Your task
Restate the records in full, so that each line matches the original exactly.

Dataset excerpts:
________

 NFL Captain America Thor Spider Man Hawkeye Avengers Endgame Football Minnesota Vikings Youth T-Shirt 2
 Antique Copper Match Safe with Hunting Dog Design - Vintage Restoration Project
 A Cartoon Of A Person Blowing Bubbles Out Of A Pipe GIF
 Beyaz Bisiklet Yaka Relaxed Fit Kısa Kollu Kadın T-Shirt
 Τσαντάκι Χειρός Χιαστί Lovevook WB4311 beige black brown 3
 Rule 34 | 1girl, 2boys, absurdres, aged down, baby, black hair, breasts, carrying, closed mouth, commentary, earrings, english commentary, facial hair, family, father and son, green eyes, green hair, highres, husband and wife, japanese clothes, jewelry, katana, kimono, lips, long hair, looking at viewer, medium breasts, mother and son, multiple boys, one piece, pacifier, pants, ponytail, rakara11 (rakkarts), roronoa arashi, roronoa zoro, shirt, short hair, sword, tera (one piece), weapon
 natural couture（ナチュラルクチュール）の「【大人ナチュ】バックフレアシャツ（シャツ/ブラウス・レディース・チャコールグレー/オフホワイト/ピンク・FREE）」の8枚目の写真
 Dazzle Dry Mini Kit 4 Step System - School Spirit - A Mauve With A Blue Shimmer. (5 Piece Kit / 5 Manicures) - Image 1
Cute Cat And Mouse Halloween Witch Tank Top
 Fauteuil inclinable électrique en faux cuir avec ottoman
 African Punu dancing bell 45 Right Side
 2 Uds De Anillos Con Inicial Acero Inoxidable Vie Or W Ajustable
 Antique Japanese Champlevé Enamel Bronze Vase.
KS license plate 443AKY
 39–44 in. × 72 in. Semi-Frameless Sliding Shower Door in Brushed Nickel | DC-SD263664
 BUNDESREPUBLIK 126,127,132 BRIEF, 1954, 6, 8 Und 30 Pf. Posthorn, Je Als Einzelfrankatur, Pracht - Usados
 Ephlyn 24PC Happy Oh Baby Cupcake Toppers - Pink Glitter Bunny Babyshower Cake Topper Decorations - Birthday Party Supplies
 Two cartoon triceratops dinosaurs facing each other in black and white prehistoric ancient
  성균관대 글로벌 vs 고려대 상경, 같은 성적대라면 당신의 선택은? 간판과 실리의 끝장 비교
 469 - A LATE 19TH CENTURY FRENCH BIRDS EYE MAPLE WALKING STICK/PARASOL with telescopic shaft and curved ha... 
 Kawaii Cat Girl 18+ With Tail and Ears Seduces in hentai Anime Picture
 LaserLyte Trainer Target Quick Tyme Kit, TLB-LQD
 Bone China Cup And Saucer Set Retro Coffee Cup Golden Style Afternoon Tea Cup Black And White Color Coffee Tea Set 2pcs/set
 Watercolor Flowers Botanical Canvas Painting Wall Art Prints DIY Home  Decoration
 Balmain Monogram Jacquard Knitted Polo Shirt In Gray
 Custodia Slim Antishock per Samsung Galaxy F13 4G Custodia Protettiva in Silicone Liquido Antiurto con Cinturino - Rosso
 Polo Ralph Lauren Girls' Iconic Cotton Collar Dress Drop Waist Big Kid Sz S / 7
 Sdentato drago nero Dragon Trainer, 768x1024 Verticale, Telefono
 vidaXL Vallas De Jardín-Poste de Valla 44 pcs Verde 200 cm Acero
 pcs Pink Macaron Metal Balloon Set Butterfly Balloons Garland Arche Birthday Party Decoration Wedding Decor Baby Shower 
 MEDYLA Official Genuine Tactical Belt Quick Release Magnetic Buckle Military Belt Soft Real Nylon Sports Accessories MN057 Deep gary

________

Completed exercise
 NFL Captain America Thor Spider Man Hawkeye Avengers Endgame Football Minnesota Vikings Youth T-Shirt 2
 Antique Copper Match Safe with Hunting Dog Design - Vintage Restoration Project
 A Cartoon Of A Person Blowing Bubbles Out Of A Pipe GIF
 Beyaz Bisiklet Yaka Relaxed Fit Kısa Kollu Kadın T-Shirt
 Τσαντάκι Χειρός Χιαστί Lovevook WB4311 beige black brown 3
 Rule 34 | 1girl, 2boys, absurdres, aged down, baby, black hair, breasts, carrying, closed mouth, commentary, earrings, english commentary, facial hair, family, father and son, green eyes, green hair, highres, husband and wife, japanese clothes, jewelry, katana, kimono, lips, long hair, looking at viewer, medium breasts, mother and son, multiple boys, one piece, pacifier, pants, ponytail, rakara11 (rakkarts), roronoa arashi, roronoa zoro, shirt, short hair, sword, tera (one piece), weapon
 natural couture（ナチュラルクチュール）の「【大人ナチュ】バックフレアシャツ（シャツ/ブラウス・レディース・チャコールグレー/オフホワイト/ピンク・FREE）」の8枚目の写真
 Dazzle Dry Mini Kit 4 Step System - School Spirit - A Mauve With A Blue Shimmer. (5 Piece Kit / 5 Manicures) - Image 1
Cute Cat And Mouse Halloween Witch Tank Top
 Fauteuil inclinable électrique en faux cuir avec ottoman
 African Punu dancing bell 45 Right Side
 2 Uds De Anillos Con Inicial Acero Inoxidable Vie Or W Ajustable
 Antique Japanese Champlevé Enamel Bronze Vase.
KS license plate 443AKY
 39–44 in. × 72 in. Semi-Frameless Sliding Shower Door in Brushed Nickel | DC-SD263664
 BUNDESREPUBLIK 126,127,132 BRIEF, 1954, 6, 8 Und 30 Pf. Posthorn, Je Als Einzelfrankatur, Pracht - Usados
 Ephlyn 24PC Happy Oh Baby Cupcake Toppers - Pink Glitter Bunny Babyshower Cake Topper Decorations - Birthday Party Supplies
 Two cartoon triceratops dinosaurs facing each other in black and white prehistoric ancient
  성균관대 글로벌 vs 고려대 상경, 같은 성적대라면 당신의 선택은? 간판과 실리의 끝장 비교
 469 - A LATE 19TH CENTURY FRENCH BIRDS EYE MAPLE WALKING STICK/PARASOL with telescopic shaft and curved ha... 
 Kawaii Cat Girl 18+ With Tail and Ears Seduces in hentai Anime Picture
 LaserLyte Trainer Target Quick Tyme Kit, TLB-LQD
 Bone China Cup And Saucer Set Retro Coffee Cup Golden Style Afternoon Tea Cup Black And White Color Coffee Tea Set 2pcs/set
 Watercolor Flowers Botanical Canvas Painting Wall Art Prints DIY Home  Decoration
 Balmain Monogram Jacquard Knitted Polo Shirt In Gray
 Custodia Slim Antishock per Samsung Galaxy F13 4G Custodia Protettiva in Silicone Liquido Antiurto con Cinturino - Rosso
 Polo Ralph Lauren Girls' Iconic Cotton Collar Dress Drop Waist Big Kid Sz S / 7
 Sdentato drago nero Dragon Trainer, 768x1024 Verticale, Telefono
 vidaXL Vallas De Jardín-Poste de Valla 44 pcs Verde 200 cm Acero
 pcs Pink Macaron Metal Balloon Set Butterfly Balloons Garland Arche Birthday Party Decoration Wedding Decor Baby Shower 
 MEDYLA Official Genuine Tactical Belt Quick Release Magnetic Buckle Military Belt Soft Real Nylon Sports Accessories MN057 Deep gary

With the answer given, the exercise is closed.